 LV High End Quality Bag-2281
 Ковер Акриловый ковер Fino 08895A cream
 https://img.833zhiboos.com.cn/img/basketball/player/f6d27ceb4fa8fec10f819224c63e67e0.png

AIM OF THE EXERCISE. Each line of the material is to be copied exactly.

SOLUTION TO THE EXERCISE.
 LV High End Quality Bag-2281
 Ковер Акриловый ковер Fino 08895A cream
 https://img.833zhiboos.com.cn/img/basketball/player/f6d27ceb4fa8fec10f819224c63e67e0.png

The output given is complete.